Okay, I’ll expand. This is a question that keeps being asked of writers over and over again. There is no easy answer. I think it depends on the writer and the inspiration. Art Holcome, in a GLAWS Special Speaker Event, approached the question this way: For every story, there is a best character to tell it. That character is the one that bests answers the central question to the story. Sometimes it may not be the obvious choice.

Say you are writing a detective story. The obvious choice would be the detective in charge. But maybe he isn’t the best choice, maybe it’s his quirky sidekick. Let’s say the theme of the story is horrors humans can inflict on other humans. The detective is a seasoned professional. He’s seen it all. He’s learned to keep his personal feelings and job separated. He’s not moved so much by what he sees on the job. The sidekick, however, is not so seasoned. Things he sees on the job upset him on a personal level. He has nightmares. He can’t sleep. He can’t believe people can be so cruel to each other. He is the character that is going to grow from this experience. Maybe he will learn to separate his feeling from his job. He might finally get that promotion he’s been wanting. Maybe he’ll just stop having nightmares. Or maybe he’ll find he’s really in the wrong line of work and find some other way to help others. One way or another, he will change. To the detective, it’s just another case.
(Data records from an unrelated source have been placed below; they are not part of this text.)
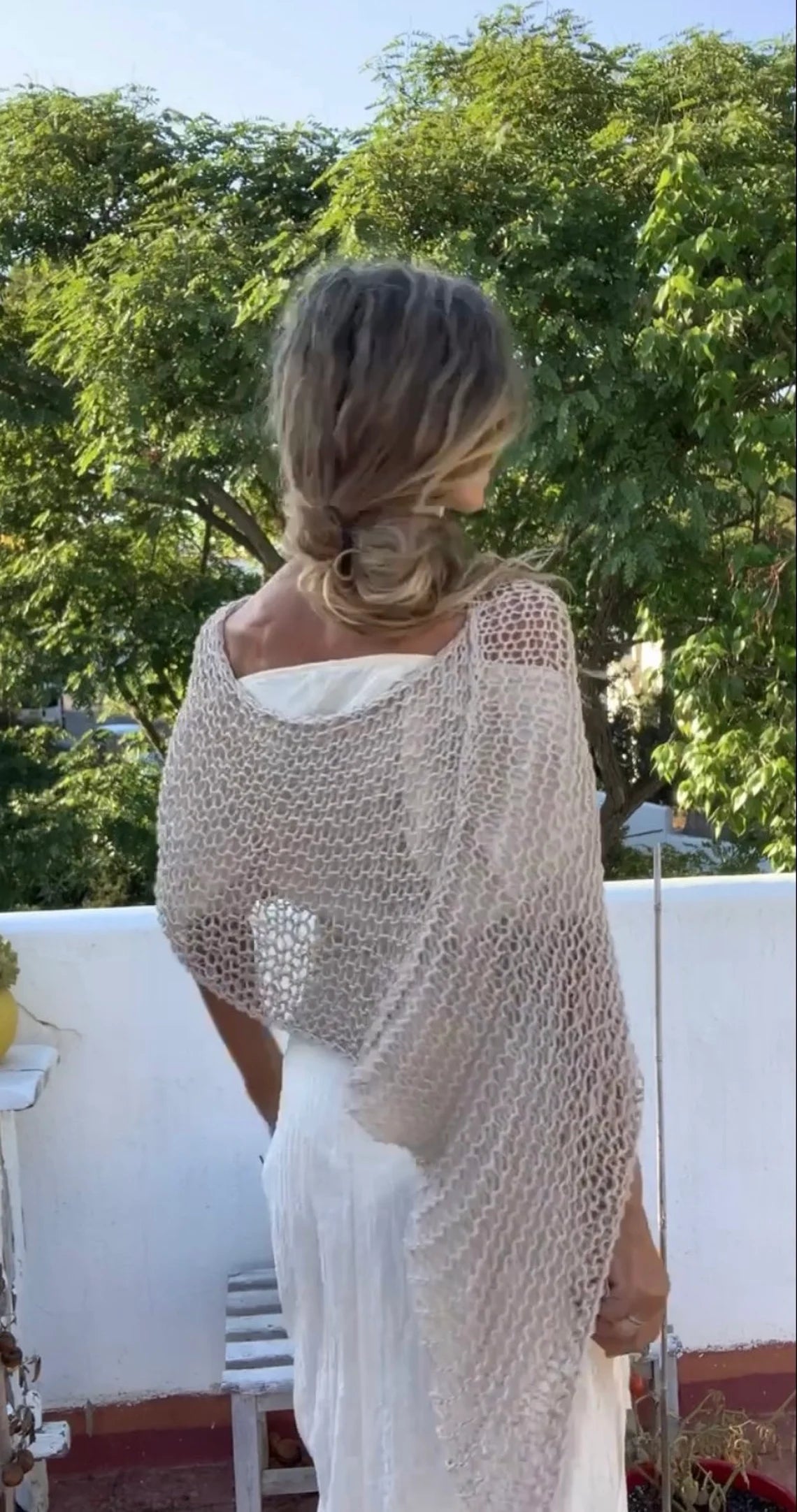 Beige cotton poncho, cover up, vegan top, sheer, handmade knitwear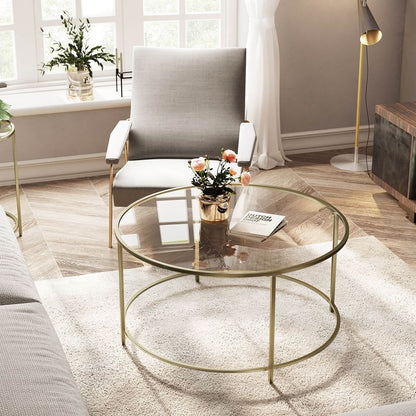 Ronde Salontafel met Glazen Blad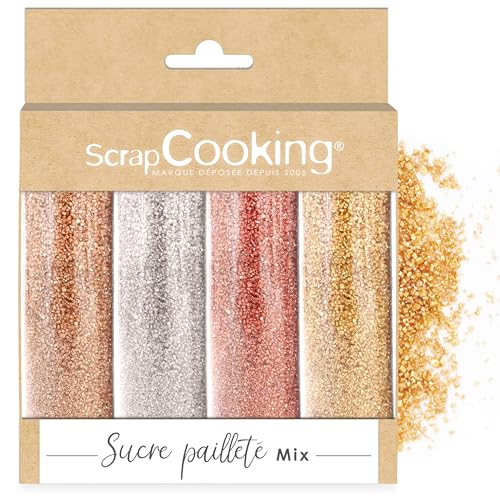 ScrapCooking - Essbarer Glitzer Zucker Mix - Gold, Roségold, Silber, Rubin 76 g – Lebensmittel Glitzerpulver Pastry Decors – 4807 ScrapCooking - Essbarer Glitzer Zucker Mix - Gold, Roségold, Silber, Rubin 76 g – Lebensmittel Glitzerpulver Pastry Decors – 4807 von ScrapCooking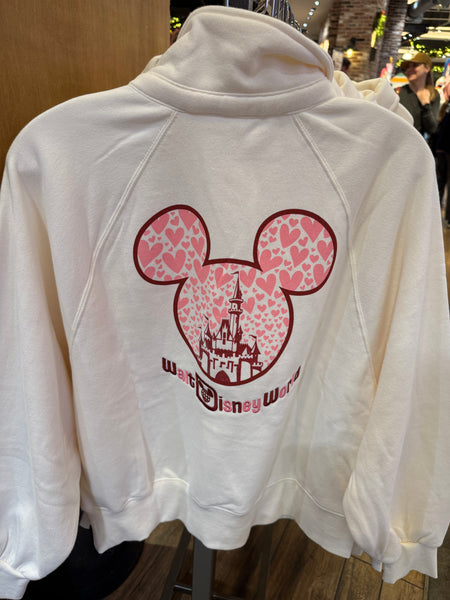 Disney Parks 2025 WDW Pullover Sweatshirt Castle Pink Hearts Valentines 3/4 Snap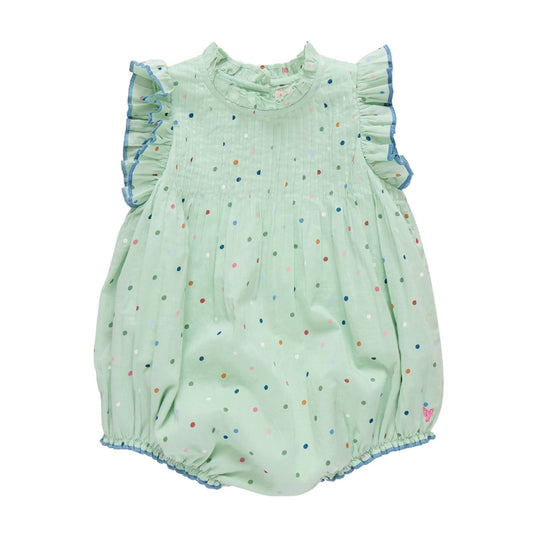Baby Jaipur Bubble- Pastel Green Polka Dot by Pink Chicken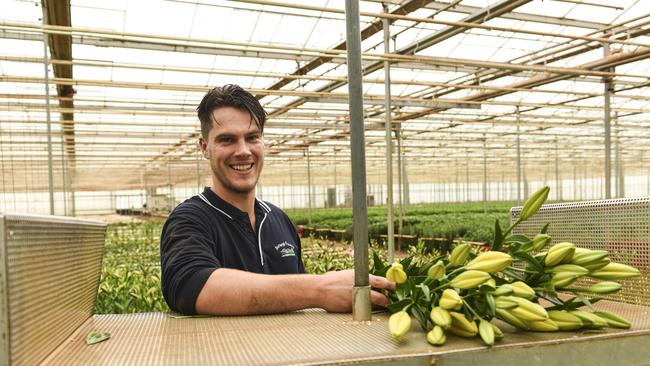 Luke de Wit is a flower grower at Silvan. Picture: Dannika Bonser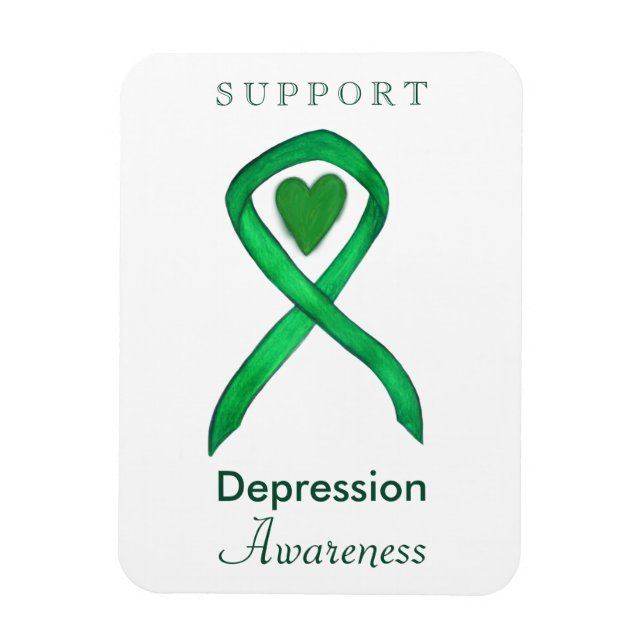 Depression Awareness Ribbon Herz Art Magnet (Vertikal)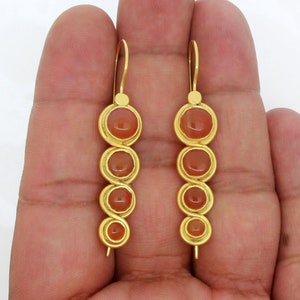 Carnelian Gold Earrings, Long Dangle Carnelian Earrings, Round Gemstone Earring, Minimalist July Birthstone Jewelry Gift For Women and Girls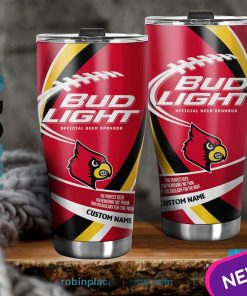 Louisville Cardinals NCAA Bud Light Beer Custom Name Tumblers Cup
Another way Art Holcome puts it is, who is the character you can torture the most? Who is the character who will suffer the most from the events in the story and will therefore have to change the most? The satisfaction in a story is in watching a character grow and learn.

But sometimes, you come up with a character first. Writer Christine Conradt spoke about that approach. She said if you start with the plot, there is only one way it can go. But if you start with a character, you can think of dozens of different situations to put that character in. If you start with a unique, original character, then it’s your job to find the best story to show off their uniqueness.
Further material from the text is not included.